Good grief . . how can a husband and wife have such differences of opinions over something as simple as a razor? We can!
The last time I went to change the blade in my razor, I grabbed the next package of razor blades to place in the bathroom drawer.
Two of the blades are different so I was checking them out and noticed that there’s a slight problem.
The blades are for the Gillette razor.
My razor is a Shick. The blades won’t fit! I added Gillette razor to my shopping list.
Today, Mr. Shopper said “Want to run to town and get a taco?” It’s a trick. He does this all the time. I knew there was somewhere else he wanted to go but he knows I’ll say no unless he bribes me with offers of food. I said “Sure, but where else are we going?” He assured me he only had to stop at Home Depot and I was ok with that because one of the things he needed was a part to fix something on my kitchen faucet. Is there a blog reader out there who truly believes those are the only stops we made? NO!
Big Lots, CVS and he wanted to stop at Kroger and I said no way!

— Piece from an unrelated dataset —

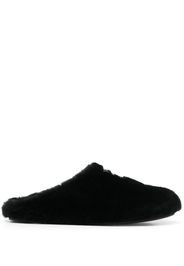Givenchy logo-plaque shearling slides - Black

While at CVS, I went to get a razor. I know it would have been a bit less at Wal-Mart but who knows when I’ll get to Wal-Mart again and I’m not wearing long pants when it’s this hot and . . well, you probably know why I need a razor if I’m wearing shorts! So, I grabbed this razor, knowing Vince was going to flip out when he saw how much it costs.
Two liter drinks were on sale for 88¢ with a limit of 5 so he got 5 drinks and the only other thing was my razor. No way I was sneaking that purchase past him.
Checkout Lady: That will be $17.09.
Vince: HOW MUCH WAS THAT RAZOR?
Me: About $12.00
Checkout Lady: $11.73
I was getting a frowny face from my dear husband! We got out side and on the way to the car had this discussion:
Vince: Do you know I don’t spend $12 in a whole year on my razor and razor blades and you just spent that much for one razor?”
Me: Let’s look at this in terms of square inches! You have one face to shave. I have two legs to shave. I have a lot more area that I’m shaving.
Vince: Do you shave your legs every day?
Me: I might . . I mean . . I could if I needed to!
Vince: How do you know when you ‘need to’?
Then I was cracking up . . and he never smiled once!
I tried explaining to him that not only was this a nice razor but it also has a little suction thing that holds it on the side of the shower so I’m not constantly dropping it or knocked it off from wherever I put it down.
He still wasn’t impressed. I told him that some people have the hair on their legs permanently removed by electrolysis. I’ll bet that costs more than buying a $12 razor. Nope, he still wasn’t impressed.